PARIS — DCNS anticipates a tough competition in Norway’s prospective tender for attack submarines, with a selection expected in mid-2018, senior executives of the French naval shipbuilder said.
“We will fight like dogs,” DCNS Chairman and CEO Hervé Guillou told reporters Wednesday. “Competition will be severe”.
The Norwegian Defence Ministry in April picked DCNS of France and Germany’s ThyssenKrupp Marine Systems (TKMS) for its short list of potential suppliers for a submarine fleet to replace the Ula-class boat.
Norway is expected to send out “technical specifications” in early 2017, with a response due at the end of 2017, and a “decision in mid-2018,” DCNS Marketing Director Eric Chaplet said.
DCNS will offer its diesel-electric Scorpene submarine, adapted to meet specific Norwegian requirements.
When asked about Poland, Guillou said relations between Paris and Warsaw may be strained but that DCNS does not involve itself in political issues but rather pursues commercial interest in the pitching of its submarines.
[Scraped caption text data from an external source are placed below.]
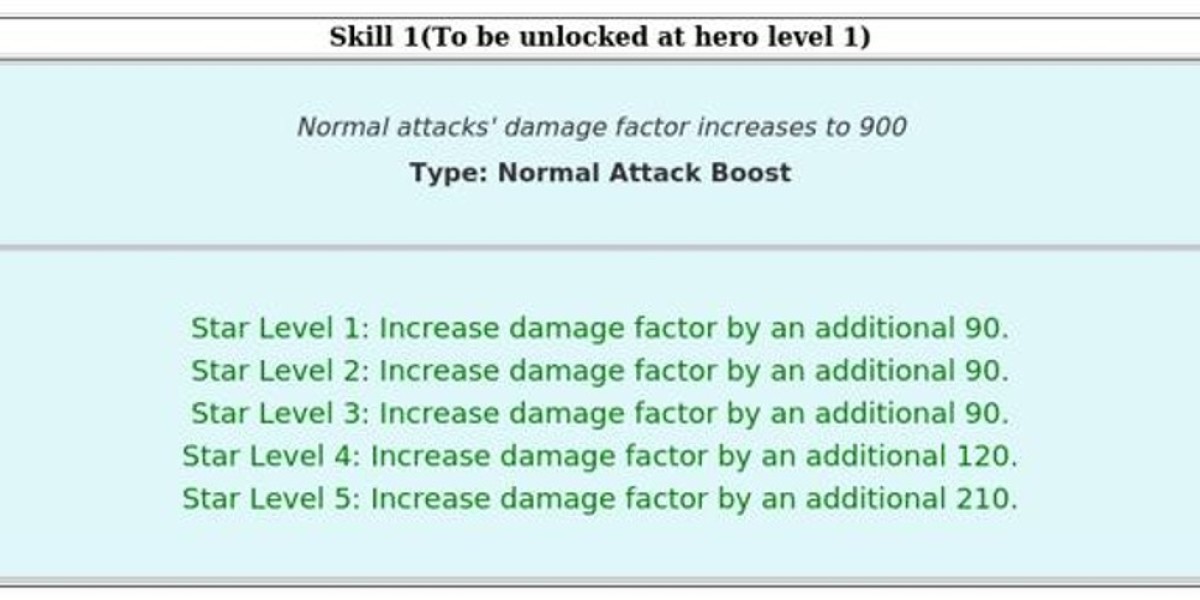 Last Z: Survival Shooter – Sophia Hero Guide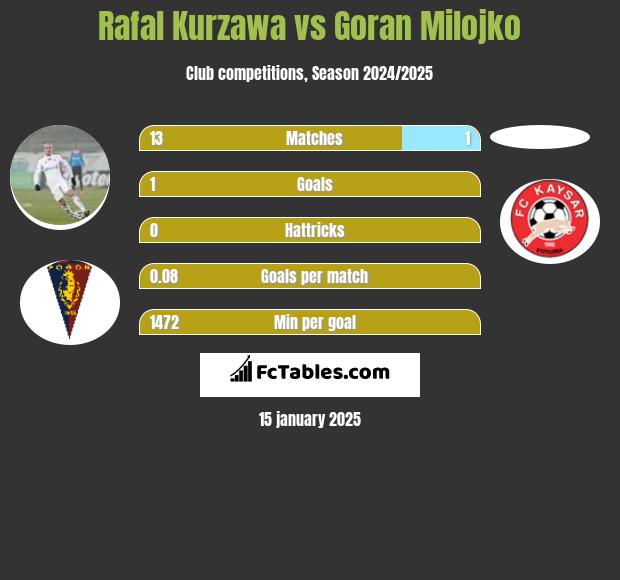 Rafał Kurzawa vs Goran Milojko h2h player stats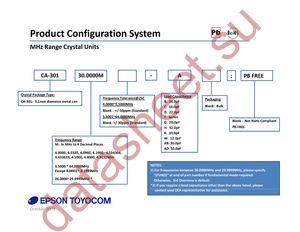 CA-301 28.0000M-C:(FUND):PBFREE datasheet  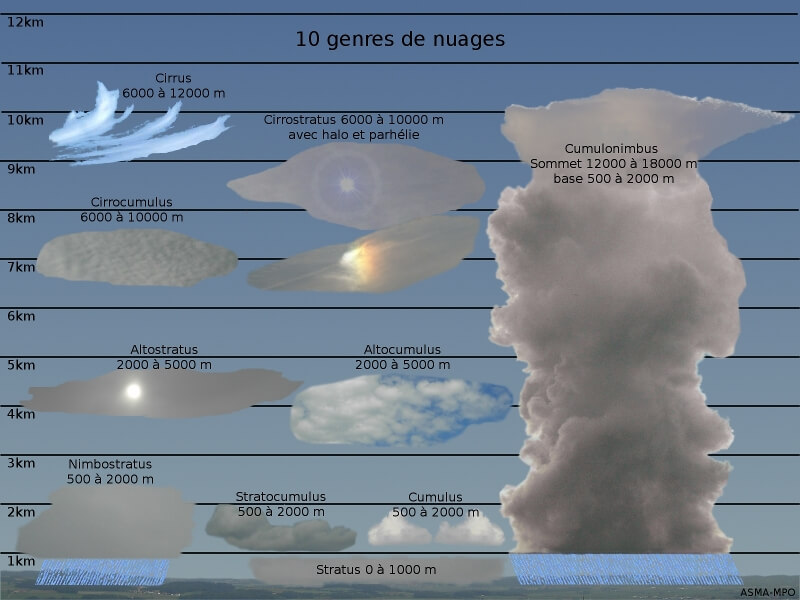 Les 10 genres de nuages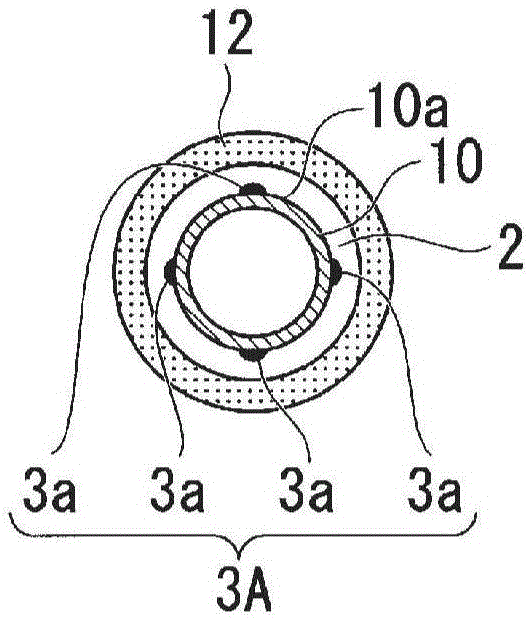 Flow speed measurement method and flow speed measurement system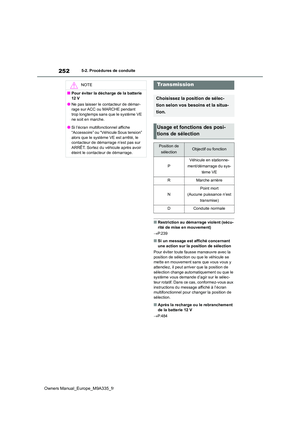 Page 254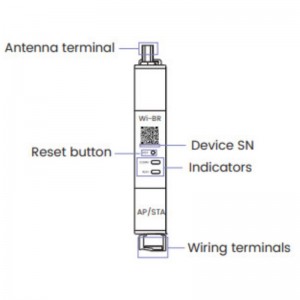 Fox ESS SMG666 Smart Gateway Wireless Bridge for 1ph CHINT meter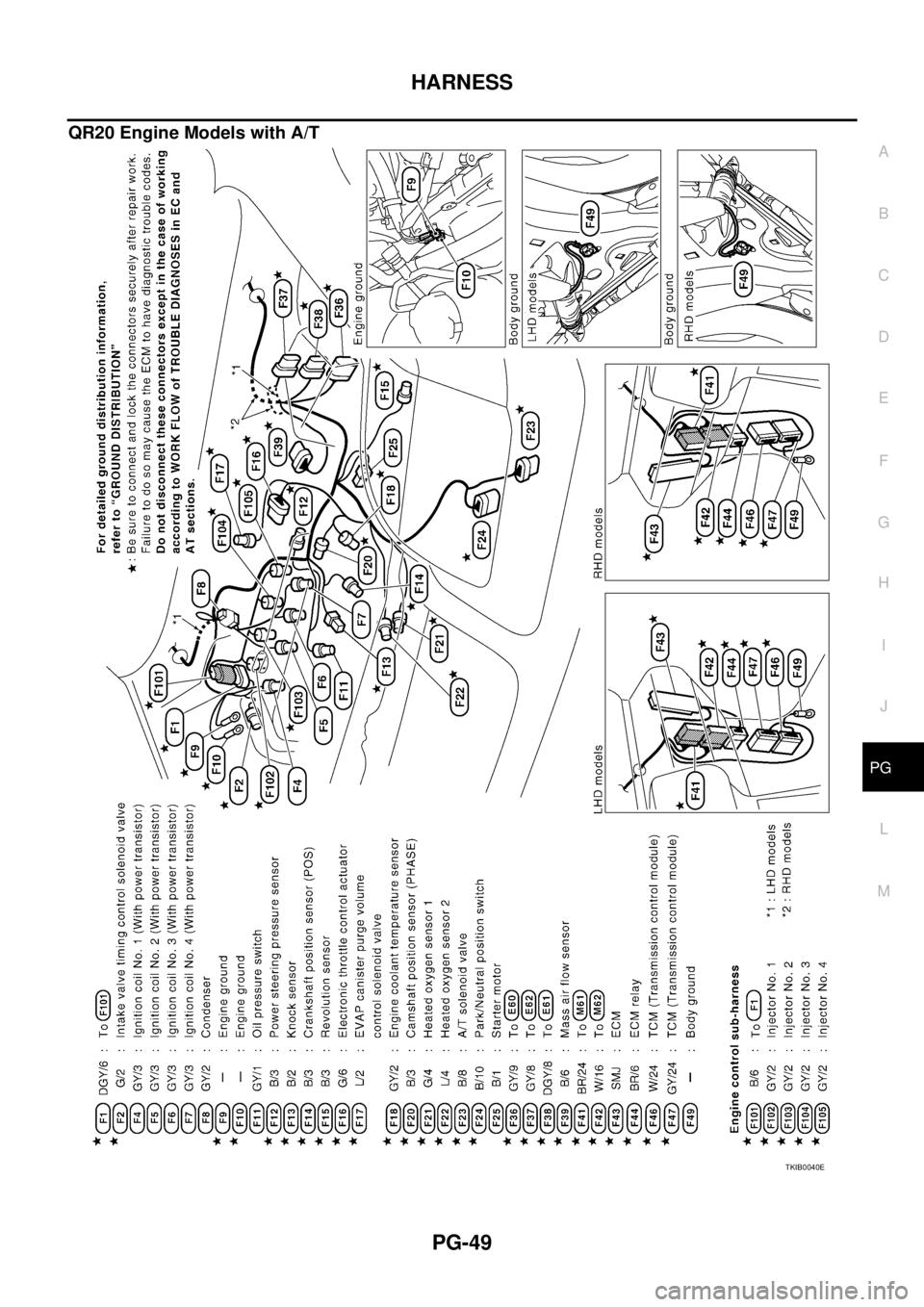NISSAN X-TRAIL 2003  Service Repair Manual HARNESS
PG-49
C
D
E
F
G
H
I
J
L
MA
B
PG
 
QR20 Engine Models with A/T
TKIB0040E 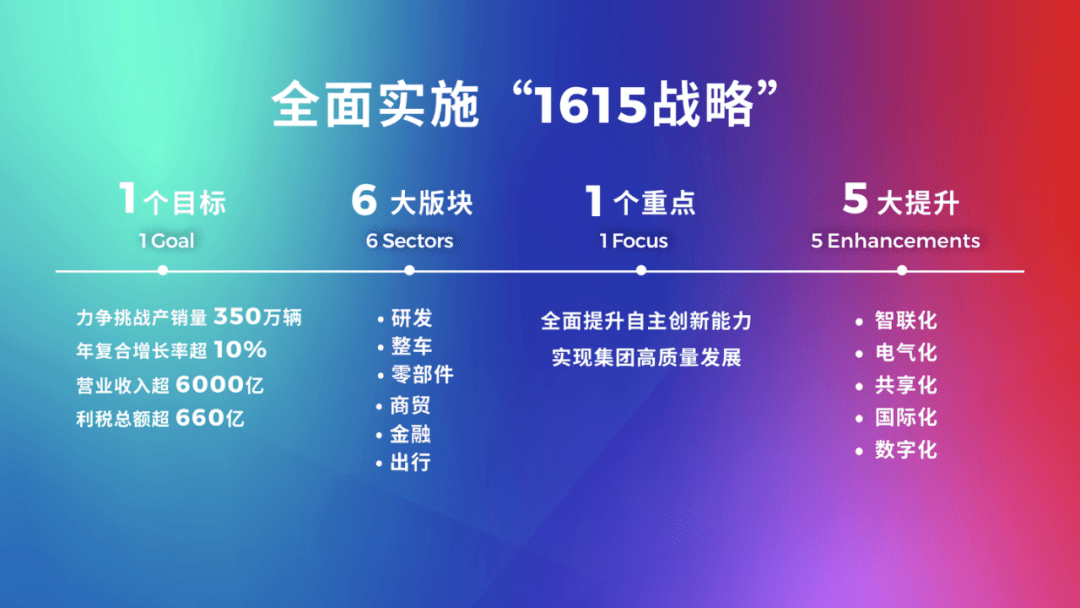 新奥资料免费精准,全面实施策略设计_JOE50.633强劲版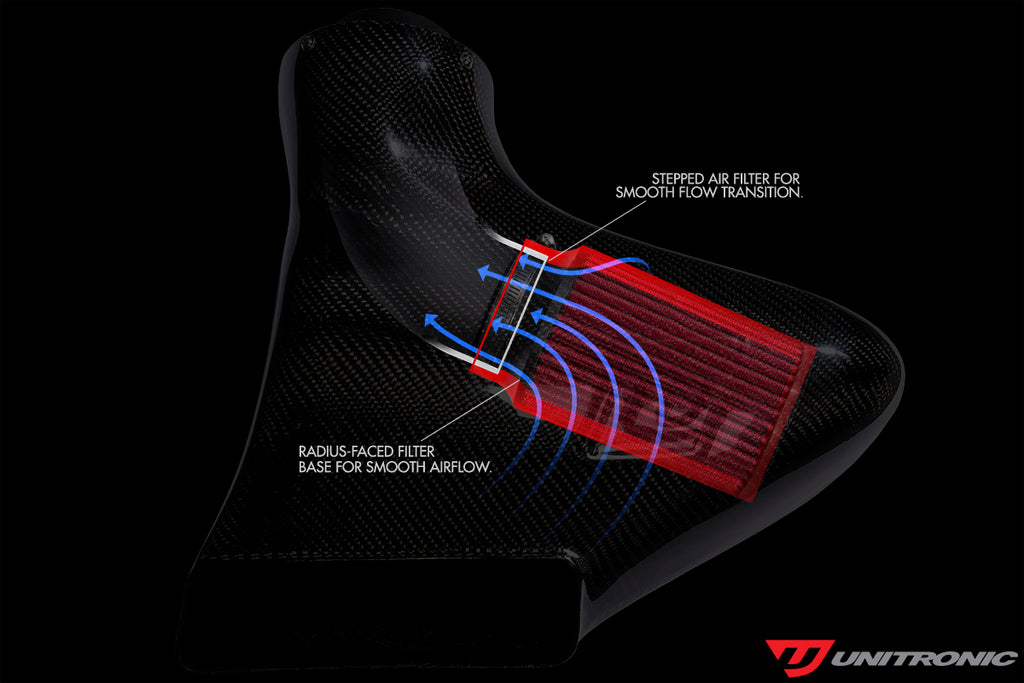 Unitronic Carbon Fiber Intake System - Various Audi / Volkswagen 1.8/2.0 TSI Gen3 MQB Models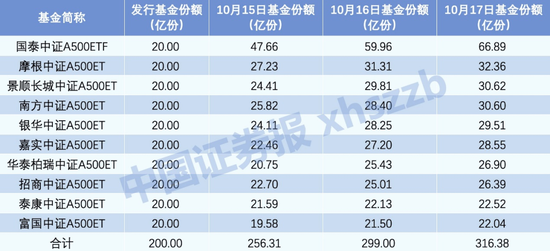 A股增量资金，大消息！  第1张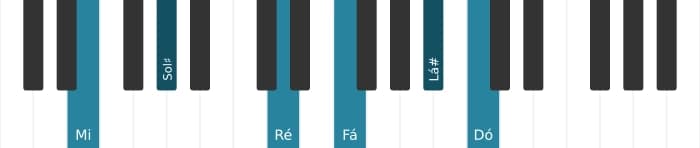 Voz de piano do acorde Mi Dominante setima bemol nona bemol decimaterceira sustenido decimaprimeira - 0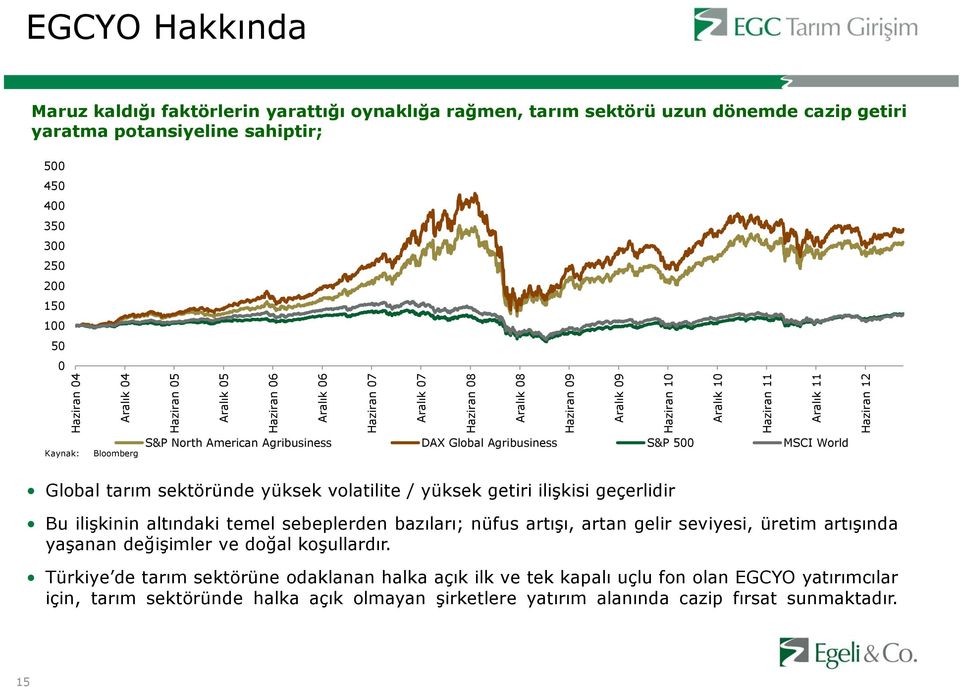 Agribusiness DAX Global Agribusiness S&P 500 MSCI World Global tarım sektöründe yüksek volatilite / yüksek getiri ilişkisi geçerlidir Bu ilişkinin altındaki temel sebeplerden bazıları; nüfus artışı,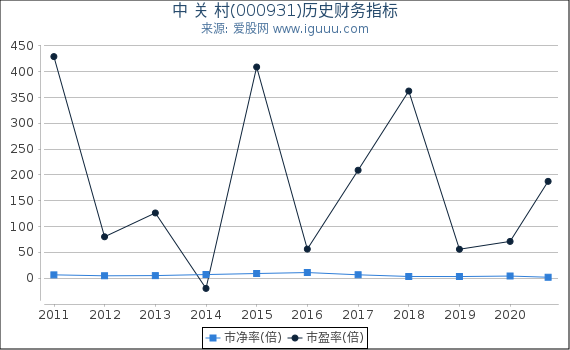 中 关 村(000931)股东权益比率、固定资产比率等历史财务指标图 中 关 村(000931)股东权益比率、固定资产比率等历史财务指标图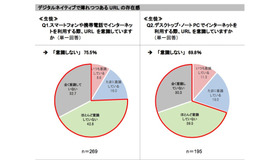 インターネットを利用する際にURLを意識するか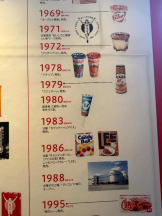 桃白白 - るいの女の子ブログ画像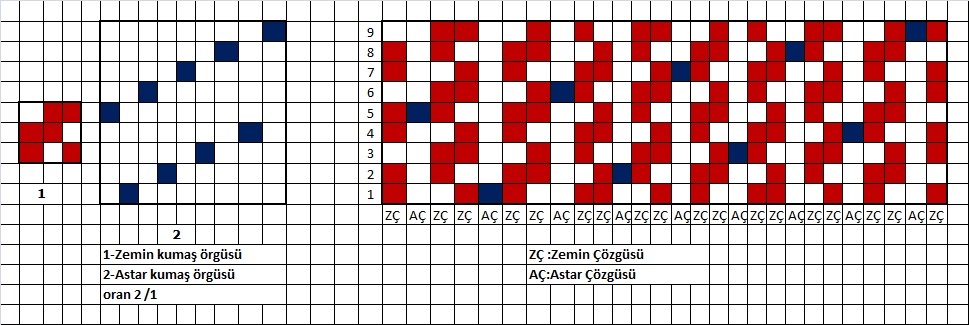 deuxcbirat14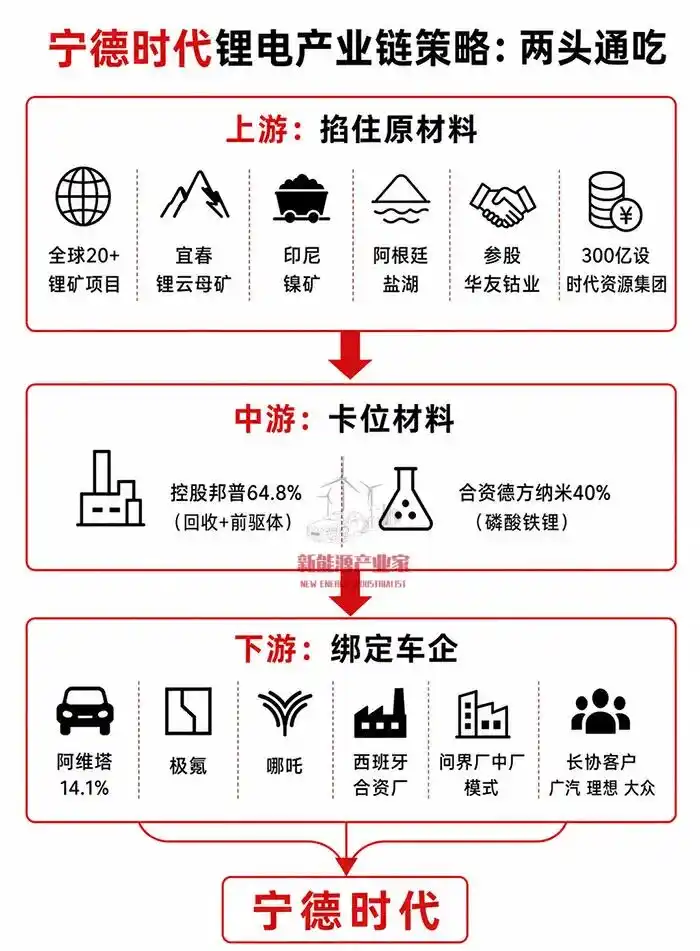 世纪互联
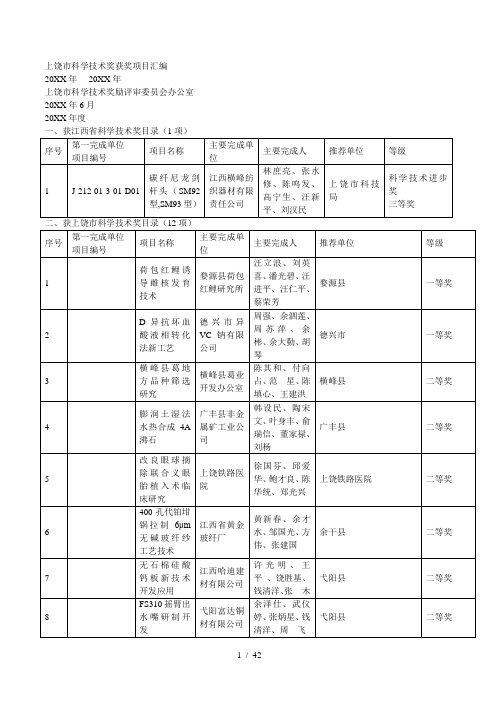 上饶市科学技术奖获奖项目汇编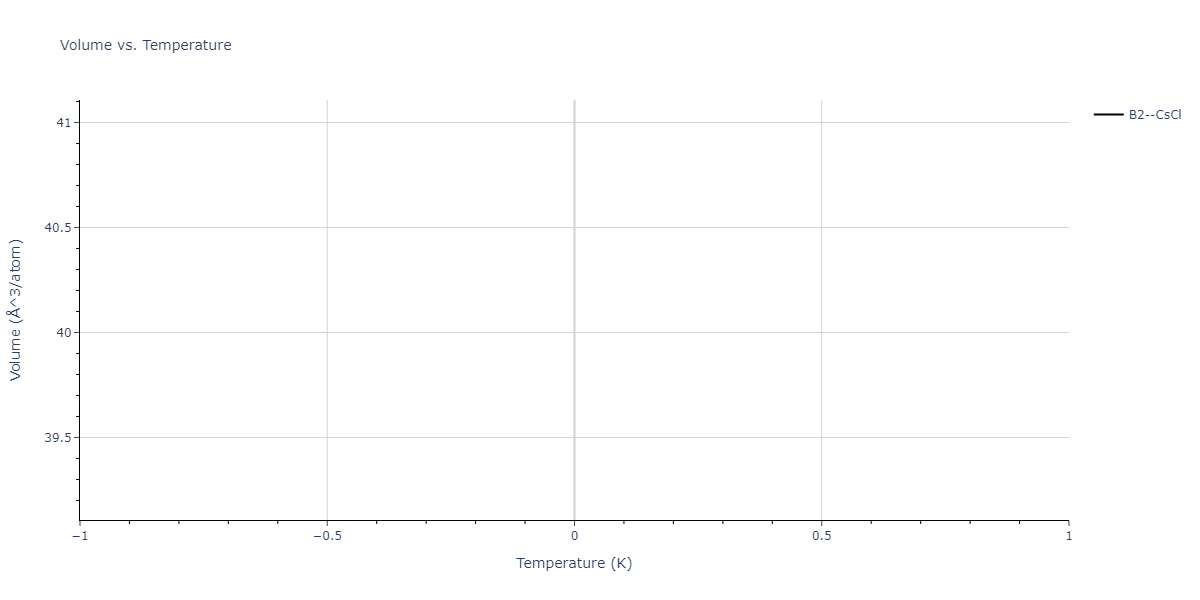 2024--Nitol-M-S--V-Nb-Ta-Ti-Zr--LAMMPS--ipr1/mdthermo.TiZr.V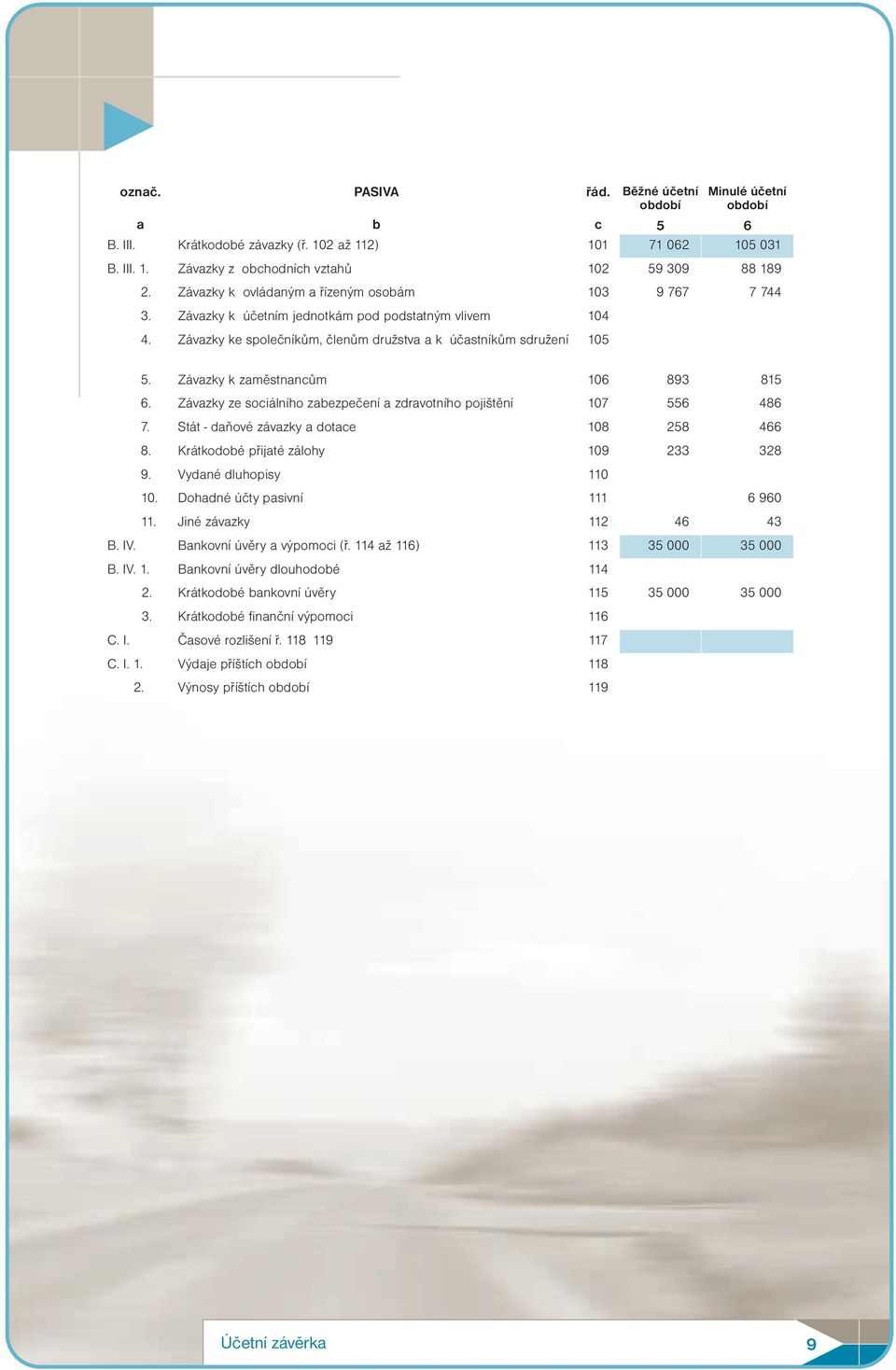 Běžné účetní období Minulé účetní období 5. Závazky k zaměstnancům 106 893 815 6. Závazky ze sociálního zabezpečení a zdravotního pojištění 107 556 486 7. Stát - daňové závazky a dotace 108 258 466 8.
“We are a commercial company,” Guillou said. “If Poland needs a submarine, I will continue to pitch our best submarine”. Intergovernmental relations, which can go through highs and lows, are outside the company’s domain, he added.
Airbus Group had invested heavily in a Polish tender and now aims to take action after Warsaw broke off exclusive talks for a 50-strong order of the Caracal military transport helicopter, Airbus CEO Tom Enders said.
TKMS is the rival bidder in the Polish tender to replace a three-strong fleet of Kobben-class submarines.
On Australia, DCNS expects to sign in about six months a study contract, the next step in the Future Submarine Program following the signing last month of a design and mobilization contract, Guillou said.
DCNS in Cherbourg, northwest France, and the Adelaide port will work together for the planned Barracuda Shortfin 1A diesel-electric boat.
Some 35 Australian companies will be on the DCNS stand at the Euronaval trade show, reflecting the local interest in the submarine program. The naval exhibition runs Oct. 17 to 21.
DCNS would consider taking up a minority stake in the naval company STX, as it has a “strategic” interest in the commercial shipbuilder, Guillou said. The shipbuilder would count on the STX shipyard to build a next-generation helicopter carrier or an aircraft carrier.
If a European company acquires STX, it wouldn’t pose a problem, according to Guillou, but there would be concern if a Chinese company put in a bid.
STX, which is owned by a South Korean group, filed for bankruptcy last month, sparking concern over the future of the Saint-Nazaire shipyard.